14                Taxation

To a large extent the 2010 Budget delivered on 24 March 2010 is a holding operation, as following the election it is clear that, whichever government is returned, taxes will have to rise and public expenditure will have to be cut, to deal with the poor public finances following the financial crisis.  It was, however, confirmed that the income tax rates for 2010/11 will be 20% on the first £37,400 of taxable income, 40% on income between £37,400 and £150,000 and a new additional rate of 50% on income above £150,000.  The personal allowance level is set to remain frozen at £6,475.  From tax year 2011/12 tax relief on pension contributions will be restricted for those taxpayers who have gross income of £150,000 and over.  Both these measures against higher earners would be retained by the Conservatives.  From midnight on 24 March 2010, the threshold for stamp duty to apply is increased from £125,000 to £250,000, but only for first time buyers.  Stamp duty will be increased on properties sold for more than £1,000,000 to 5% from the current 4% rate from 1 April 2011.  The main rate of corporation tax applying to companies with profits of more than £1.5 million remains at 28% for the financial year commencing on 1 April 2010.  The small companies corporation tax rate for companies with profits up to £300,000 of profits will increase to 22% with effect from 1 April 2011.  The threshold for a lower effective rate of capital gains tax at 10% for those who are entitled to claim entrepreneurs’ relief has been doubled from £1,000,000 to £2,000,000 of gains.  The current government intends that, with effect from 6 April 2011, the National Insurance rates, for both employee and employer Class 1 National Insurance contributions and Class 4 National Insurance contributions for the self employed, will be increased by 0.5% as previously announced, but the Conservatives would reverse this.  The standard rate of VAT reverted to 17.5% from 15% on 1 January 2010.  The compulsory VAT registration limit will increase to £70,000 from 1 April 2010.
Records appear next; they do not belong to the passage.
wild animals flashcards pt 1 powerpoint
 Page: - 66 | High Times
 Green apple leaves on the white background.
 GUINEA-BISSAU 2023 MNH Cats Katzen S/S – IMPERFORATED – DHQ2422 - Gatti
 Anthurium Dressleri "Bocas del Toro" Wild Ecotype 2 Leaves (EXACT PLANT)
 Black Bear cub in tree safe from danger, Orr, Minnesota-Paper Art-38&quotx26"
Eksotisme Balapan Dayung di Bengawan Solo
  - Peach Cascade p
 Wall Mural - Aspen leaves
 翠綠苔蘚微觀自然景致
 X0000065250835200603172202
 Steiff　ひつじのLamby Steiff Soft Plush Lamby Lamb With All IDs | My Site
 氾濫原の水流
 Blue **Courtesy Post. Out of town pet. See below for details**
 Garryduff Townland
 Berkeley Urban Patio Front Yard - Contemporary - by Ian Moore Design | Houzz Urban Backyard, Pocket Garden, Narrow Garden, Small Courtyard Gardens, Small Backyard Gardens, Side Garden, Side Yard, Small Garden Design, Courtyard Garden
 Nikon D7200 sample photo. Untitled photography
15                The Supreme Court

The coming into force of the Constitutional Reform Act 2005 on 1 October 2009 has attracted much attention due to the controversial nature of the developments it implements, including the creation of a new Supreme Court (“SC”).  Although the transfer of the Lords of Appeal in Ordinary from the Palace of Westminster to Middlesex Guildhall appears to be symbolic in completing a separation of powers, the SC does differentiate itself from the House of Lords (“HOL”) in certain important respects.  It has been a concern for many years that the legislative functions of the HOL and the role of the Judicial Committee of the HOL, are not apparent to the public.  Therefore creating a separate entity, with a distinct name and role, would be a first step in reasserting the importance of separating the executive, the legislature and the judiciary.  The SC’s jurisdiction is more extensive than that of the Appellate Committee of the HOL.  Even though it has been said that, in practice, members of the HOL, who were also Lords of Appeal in Ordinary, rarely took part in debates of a political nature when they shared premises with the legislative branch of power, the creation of the SC marks what some have referred to as a milestone in constitutional history.  Some commentators even believe that, as a result of mission creep, this will lead to a judicial attitude similar to that of the justices of the US Supreme Court, willing, and perhaps even eager, to make law rather than merely interpret law passed by Parliament.